The applications for Inspire are extremely broad
and so the exact installation details will vary.
These instructions are best used as a basic
template on how to install the system. The installer
should have prior experience with similar video
Figure 2, Aerial Photo View
based equipment. If a R/C (radio control) system is
used with the Inspire system, then good experience with them is also required.
Installing and using the Inspire On-Screen Display (OSD) system requires technical skills and
safety-minded operation. Under no circumstances should the telemetry data be used as the
primary navigation resource. Never remotely operate any equipment unless you have direct
visual contact at all times and it is safe to do so. Use of the system is at your own risk.
BOARD PROTECTION
The Inspire board is protected by rugged fiberglass panels and a tough clear plastic covering.
However, in harsh environments it needs additional protection.

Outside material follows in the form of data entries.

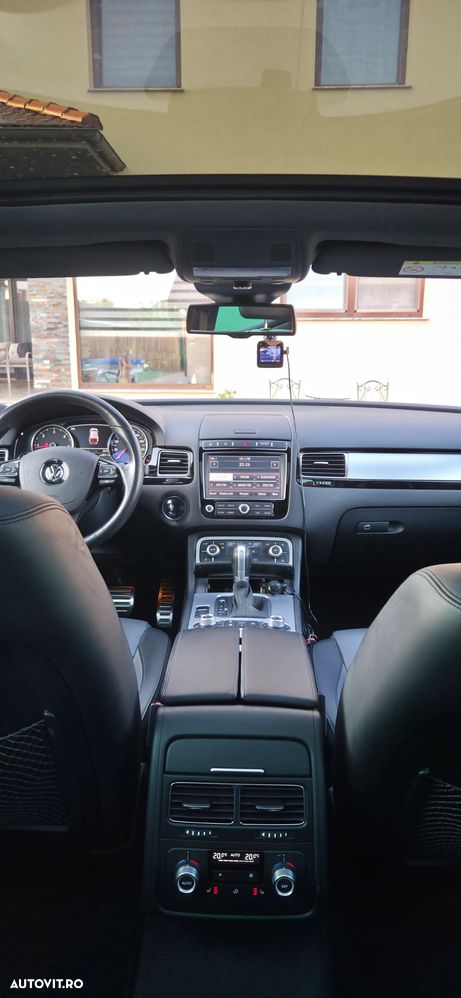 Volkswagen Touareg 3.0 V6 TDI SCR Blue Motion DPF Automatik Terrain Tech Exclusive - 7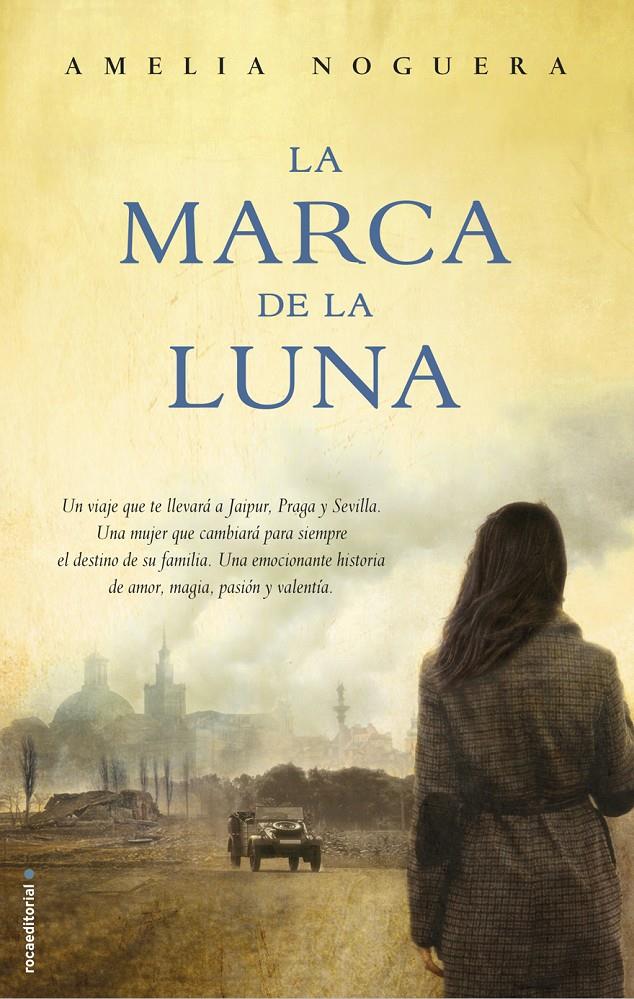 LA MARCA DE LA LUNA | 9788499187617 | NOGUERA, AMELIA | Galatea Llibres | Llibreria online de Reus, Tarragona | Comprar llibres en català i castellà online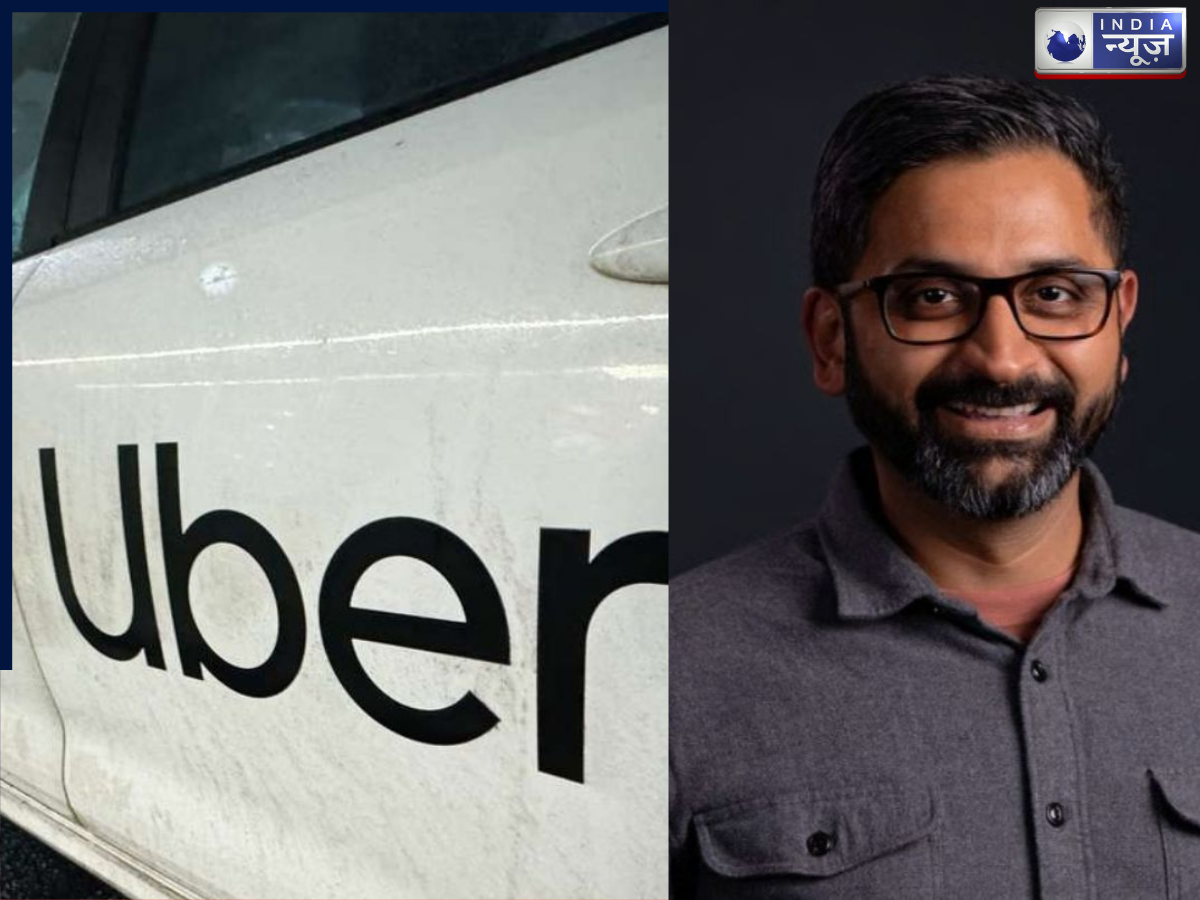 MDI गुरुग्राम से किया था एमबीए, अब उबर के CFO का पद संभालेंगे भारतीय मूल के बालाजी कृष्णमूर्ति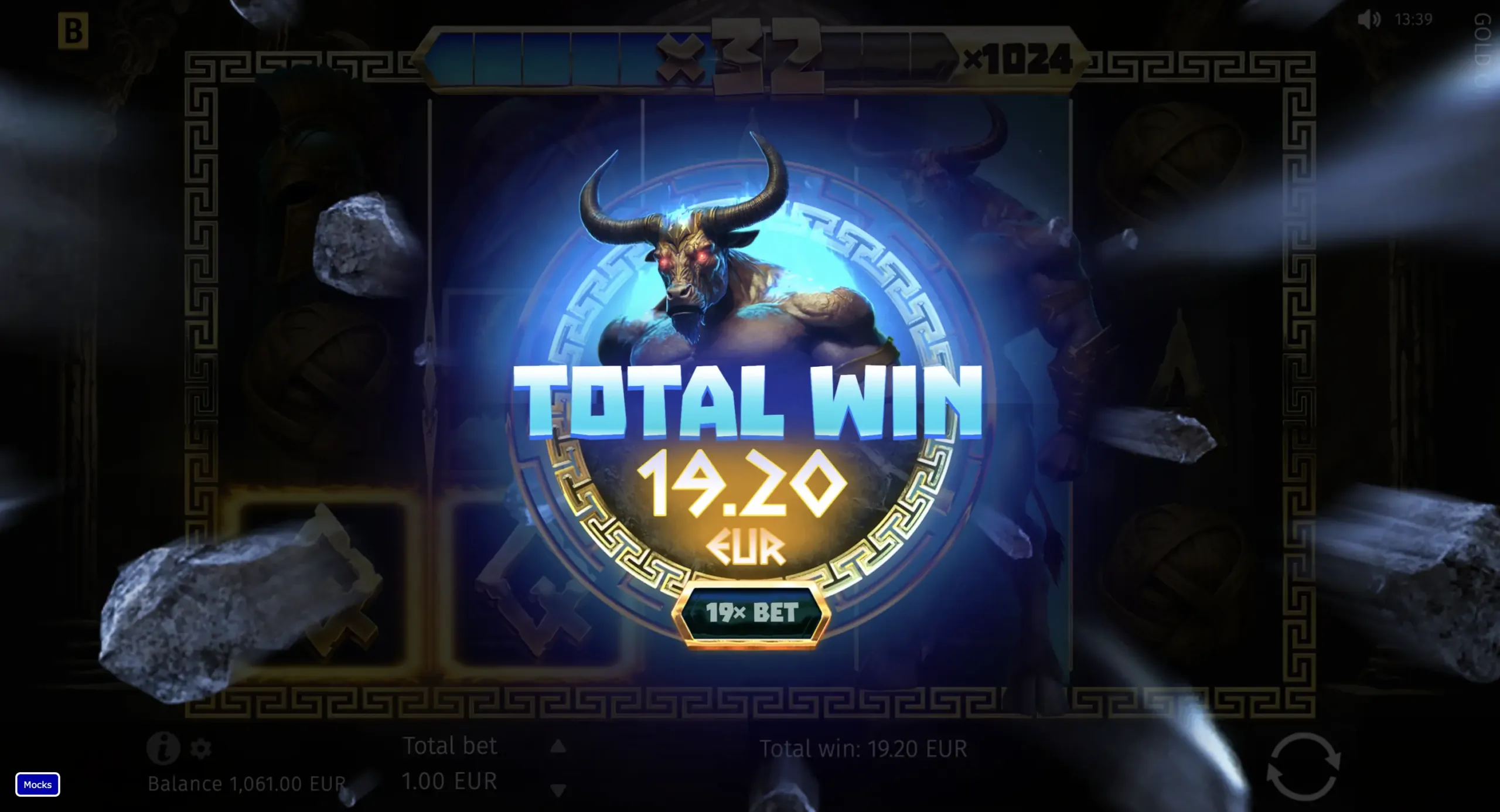 Gold Of Minos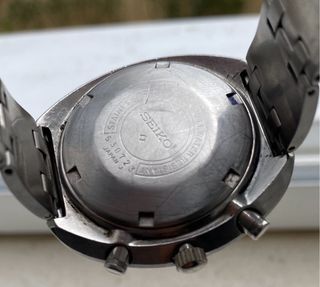 Seiko UFO Chronograph Automático Vintage Ref. 6138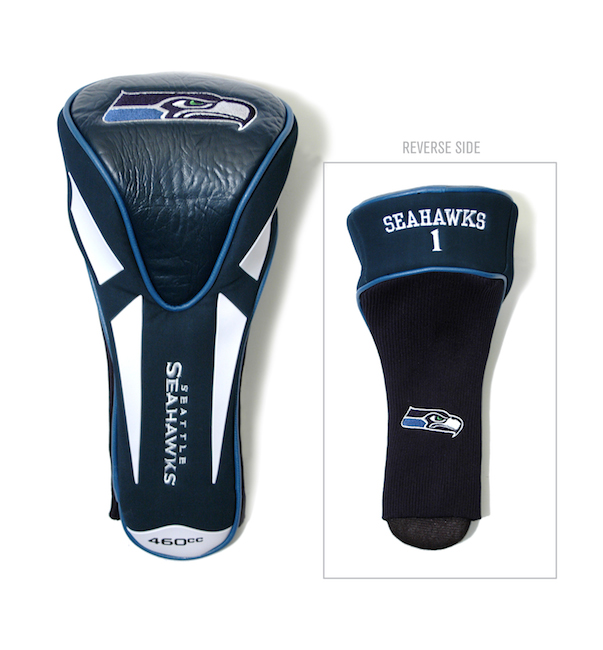 Seattle Seahawks Oversized Driver Headcover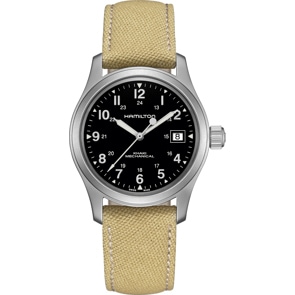 Hamilton Khaki Field Officer Handwinding
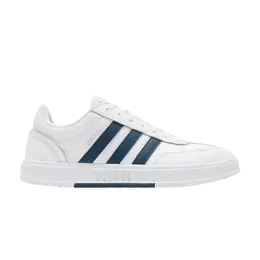 Adidas Кроссовки Gradas 'Collegiate Navy', белый fz1054 | collegiate navy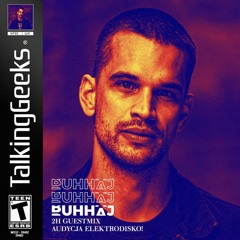 BUHHAJ Audycja Elektrodisko! Guest Mix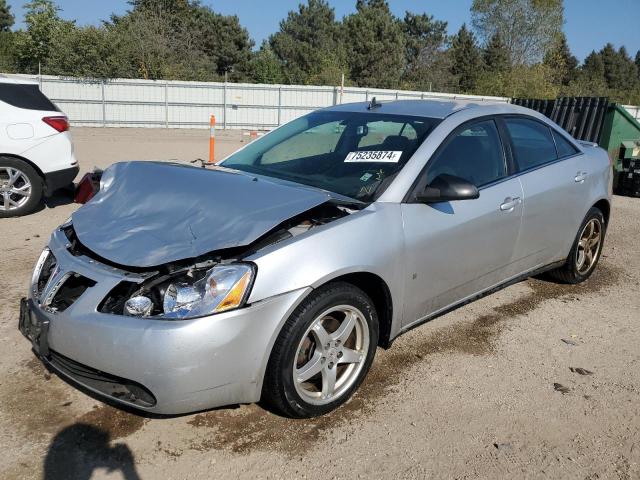  Salvage Pontiac G6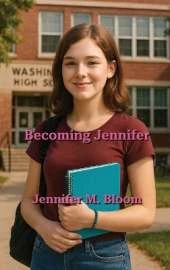 Becoming Jennifer: Becoming Jennifer Book Two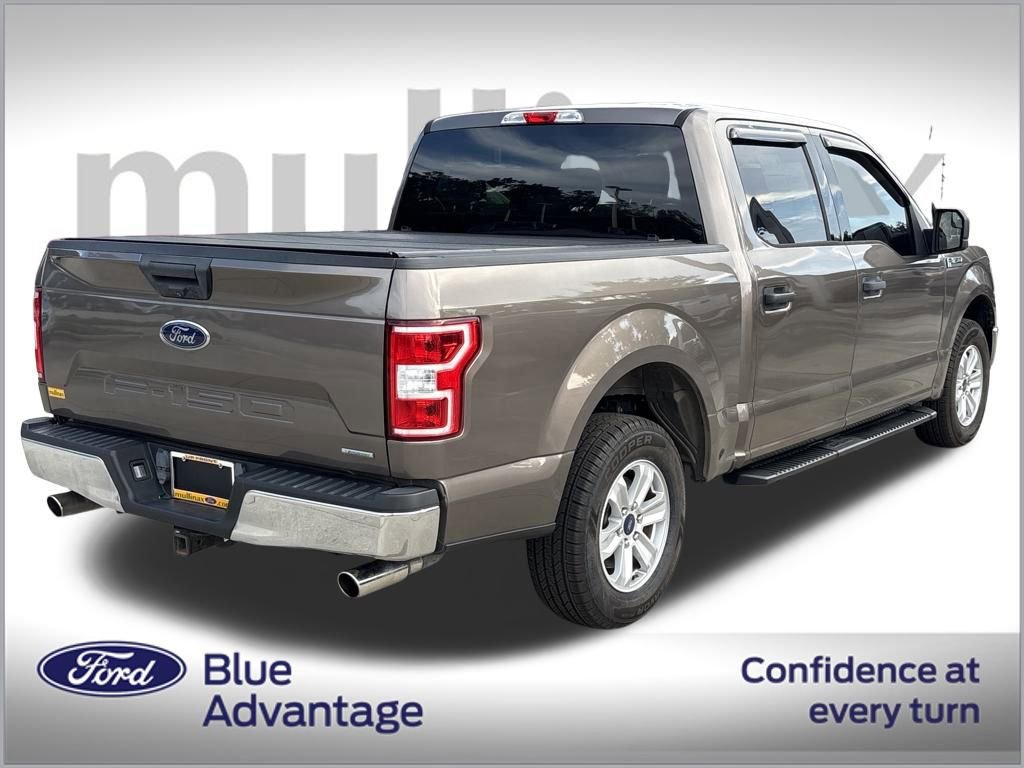 Certified 2019 Ford F150 XLT image 4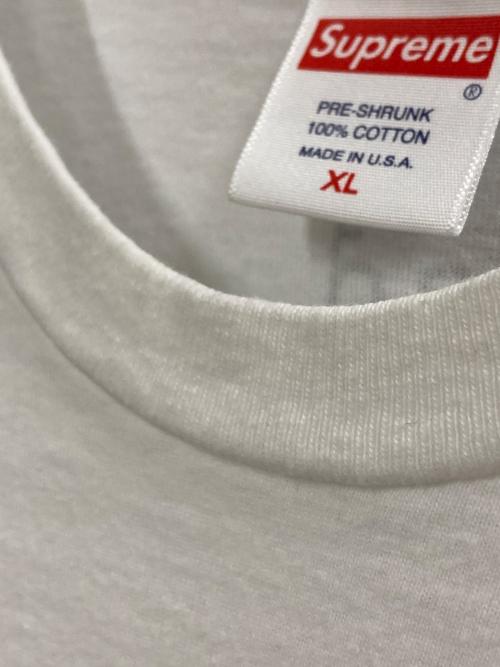 SUPREME（シュプリーム）Supreme (シュプリーム) dead prez RBG Tee ホワイト サイズ:XLの古着・服飾アイテム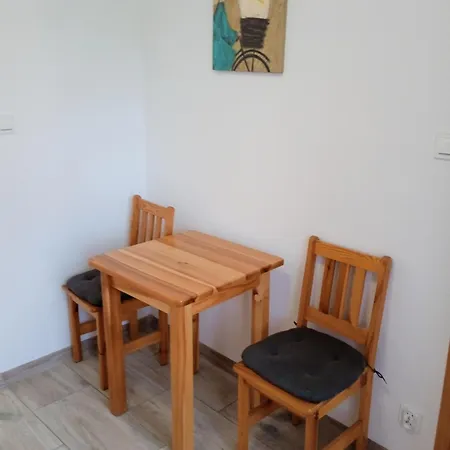 Apartment Muszelka *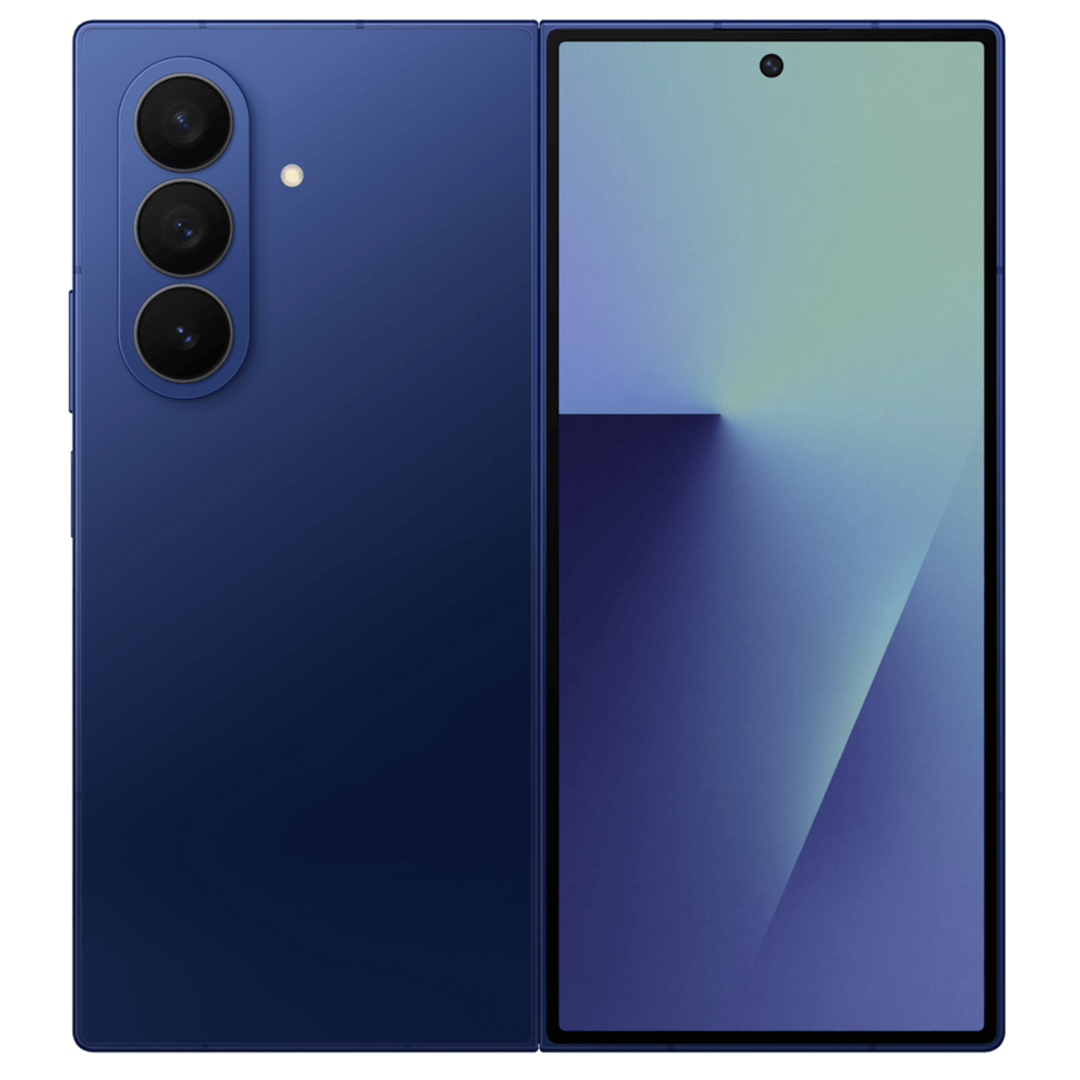 Mobilusis telefonas SAMSUNG Galaxy Fold 7 256GB, Blue Shadow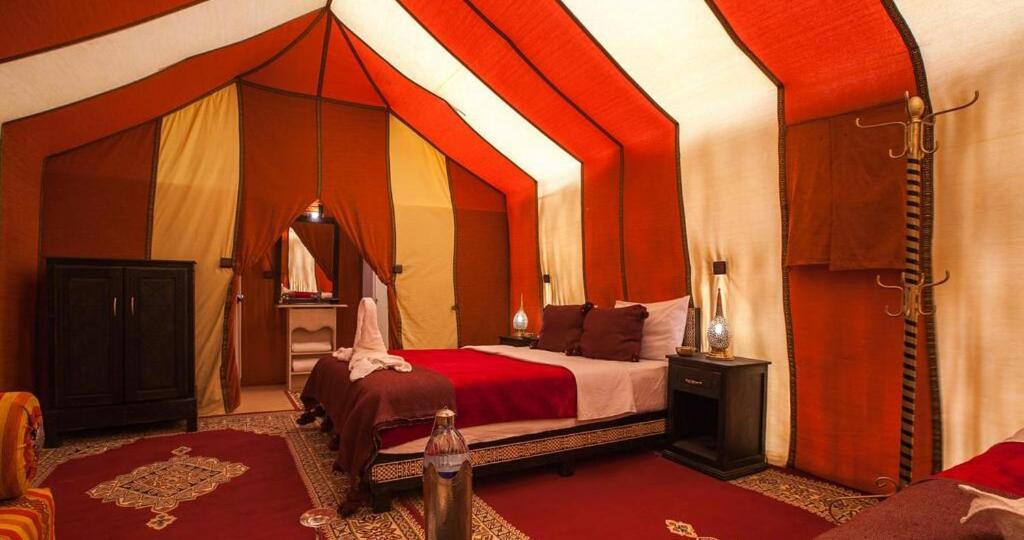 Ammar Luxury Camp Hotel Merzouga Exterior foto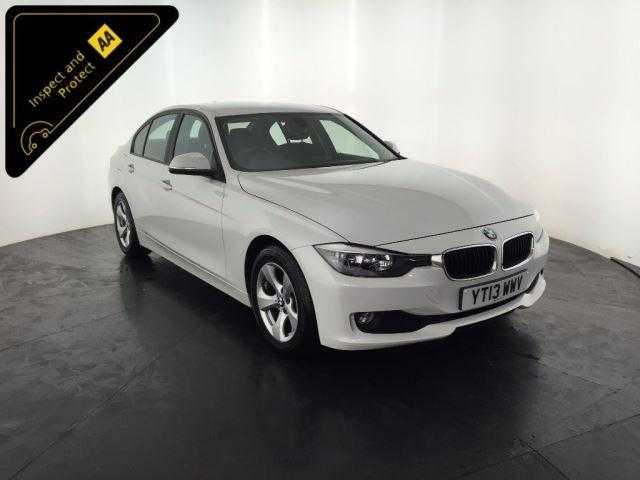 BMW 3 Series 2013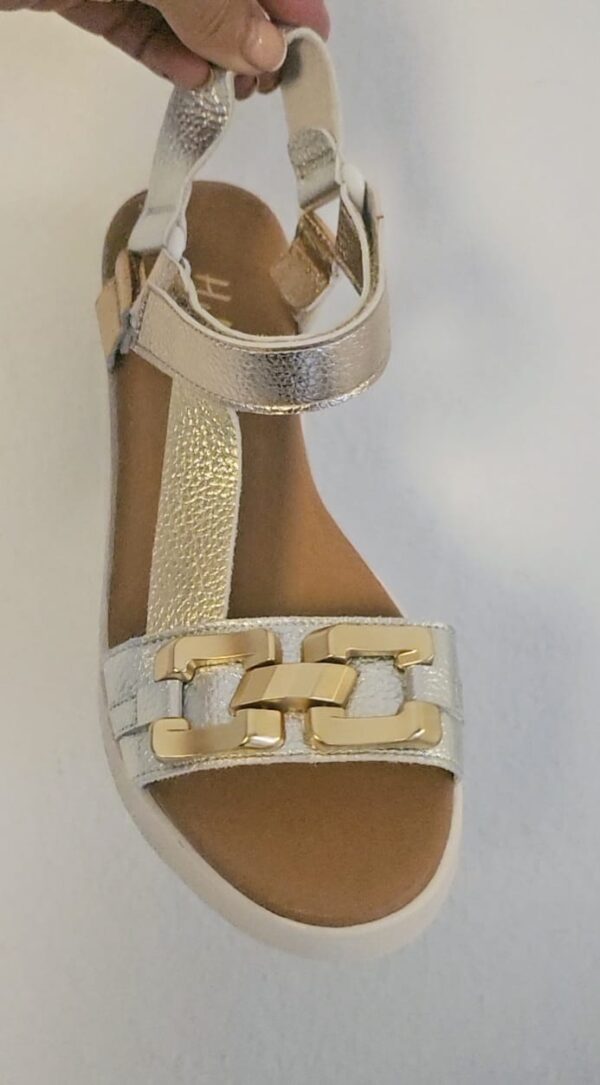 Sandalias Milán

Never expose it to moisture,
excessive temperatures, severe vibration, or high G-forces. Doing so will damage it and void the
warranty.
Mobile applications must use soft foam rubber padding to protect the board from vibrations. Use
enough padding to provide suitable protection. Model hobby shops sell this material for use in
mounting radio control (R/C) receivers, so they are often a convenient place to obtain it.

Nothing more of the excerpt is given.